The language of dissuasion

Analyzing the power of semantics

, by Ferran J. Lloveras

The language of dissuasion

Another crisis in the Middle East. As I am writing, it is still a crisis, but if we stick to the SIPRI definition of a war, in two weeks time the death toll will have upgraded the present events to this fairer term.

At the present moment, nobody can believe the military offensive had not been well planned beforehand, the kidnapping of two soldiers by Hizbullah just providing the necessary argument to the Israeli government to claim their right to self-defence and go to war. The government of Israel is speaking the language of dissuasion, they aim to “change the rules of the game” by showing the effects of an incontestable military power that will oblige any potential armed aggressor to consider matters twice. The primary acknowledged goal is to eradicate the threat of Hizbullah’s presence in South Lebanon, or at least severely damage their military infrastructure. What seems very difficult to do in the light of the events between 1982 and 2000. The second unacknowledged goal has been referred above.

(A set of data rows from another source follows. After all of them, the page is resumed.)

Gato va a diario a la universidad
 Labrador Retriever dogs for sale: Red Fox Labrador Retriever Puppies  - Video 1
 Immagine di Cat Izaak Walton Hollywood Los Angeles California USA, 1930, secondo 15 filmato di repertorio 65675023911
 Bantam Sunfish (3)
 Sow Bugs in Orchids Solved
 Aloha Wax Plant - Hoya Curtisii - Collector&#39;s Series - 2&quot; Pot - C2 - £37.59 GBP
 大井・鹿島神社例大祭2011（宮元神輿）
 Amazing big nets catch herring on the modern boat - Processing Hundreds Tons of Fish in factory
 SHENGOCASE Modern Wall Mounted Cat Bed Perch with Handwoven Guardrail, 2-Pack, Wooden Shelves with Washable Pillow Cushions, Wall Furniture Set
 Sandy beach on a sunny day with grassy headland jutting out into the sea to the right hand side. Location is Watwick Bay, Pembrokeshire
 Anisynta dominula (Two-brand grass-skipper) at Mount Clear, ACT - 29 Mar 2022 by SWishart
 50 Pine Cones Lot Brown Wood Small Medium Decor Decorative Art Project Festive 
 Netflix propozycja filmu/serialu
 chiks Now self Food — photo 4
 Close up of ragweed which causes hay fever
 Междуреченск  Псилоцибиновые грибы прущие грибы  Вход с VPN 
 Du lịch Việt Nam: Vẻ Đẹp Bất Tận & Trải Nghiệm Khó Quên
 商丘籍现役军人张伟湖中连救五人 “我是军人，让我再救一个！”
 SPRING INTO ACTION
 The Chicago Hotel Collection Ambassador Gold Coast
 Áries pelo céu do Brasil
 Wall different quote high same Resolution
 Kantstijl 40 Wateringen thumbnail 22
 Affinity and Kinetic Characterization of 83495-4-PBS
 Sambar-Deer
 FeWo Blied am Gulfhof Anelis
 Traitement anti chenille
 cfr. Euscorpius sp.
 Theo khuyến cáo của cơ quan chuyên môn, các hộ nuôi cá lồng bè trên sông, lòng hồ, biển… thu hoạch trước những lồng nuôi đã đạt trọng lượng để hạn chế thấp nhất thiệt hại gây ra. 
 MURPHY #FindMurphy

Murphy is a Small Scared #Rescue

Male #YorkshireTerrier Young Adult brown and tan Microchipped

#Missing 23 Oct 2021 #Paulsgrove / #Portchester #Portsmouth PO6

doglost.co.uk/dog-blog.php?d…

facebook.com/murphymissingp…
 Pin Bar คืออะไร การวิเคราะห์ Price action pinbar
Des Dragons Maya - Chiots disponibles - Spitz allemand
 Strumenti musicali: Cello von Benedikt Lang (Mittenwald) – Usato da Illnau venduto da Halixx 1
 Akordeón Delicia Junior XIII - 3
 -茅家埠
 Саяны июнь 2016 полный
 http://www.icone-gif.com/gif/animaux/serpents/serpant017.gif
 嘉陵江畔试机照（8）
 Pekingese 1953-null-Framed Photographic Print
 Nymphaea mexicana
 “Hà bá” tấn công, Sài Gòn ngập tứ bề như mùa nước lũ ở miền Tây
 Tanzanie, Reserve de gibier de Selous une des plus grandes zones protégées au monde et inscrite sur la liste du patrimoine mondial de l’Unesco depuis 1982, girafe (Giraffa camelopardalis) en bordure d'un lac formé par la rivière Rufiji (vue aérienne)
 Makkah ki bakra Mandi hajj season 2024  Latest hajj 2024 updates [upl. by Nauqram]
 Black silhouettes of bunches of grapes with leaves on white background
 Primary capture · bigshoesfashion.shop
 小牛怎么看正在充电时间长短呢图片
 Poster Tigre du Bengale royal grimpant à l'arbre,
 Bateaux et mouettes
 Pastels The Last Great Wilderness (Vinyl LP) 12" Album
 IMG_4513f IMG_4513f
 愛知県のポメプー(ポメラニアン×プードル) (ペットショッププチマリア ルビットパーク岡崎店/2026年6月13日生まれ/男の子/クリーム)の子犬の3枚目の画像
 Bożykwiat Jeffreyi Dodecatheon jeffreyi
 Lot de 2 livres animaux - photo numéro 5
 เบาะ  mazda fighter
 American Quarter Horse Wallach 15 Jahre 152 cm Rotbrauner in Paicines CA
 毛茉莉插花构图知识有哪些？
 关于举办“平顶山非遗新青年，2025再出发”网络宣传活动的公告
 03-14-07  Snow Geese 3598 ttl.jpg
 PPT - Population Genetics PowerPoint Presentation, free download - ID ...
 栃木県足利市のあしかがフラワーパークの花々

Both Hizbullah and Hamas are defined as terrorist groups. This is something definitive in these days of the so-called “war on terror”, where some significant world leaders seem to be intimately convinced of leading a war of good against evil. Yet there is a fundamental difference between the two above mentioned movements and others like Al-Qaeda. While the latter are nothing but a bunch of relentless fanatics, who promote a contemporary version of religious totalitarianism, the former are movements with a considerably broader social base and with organised political presence. This has many implications, starting with the fundamental incompatibility between democratic politics and the use of military means, which in my opinion makes their depiction as terrorist organisations rather reasonable. Particularly when they bomb Israeli cities with rockets with the subsequent damage and casualties. However, this is not the end of it, as matters are a bit more complicated. Their broad social base implies the presence of civilians, which are very likely to become “collateral damages” in any armed action intended against them, i. e. when these groups are using guerrilla tactics.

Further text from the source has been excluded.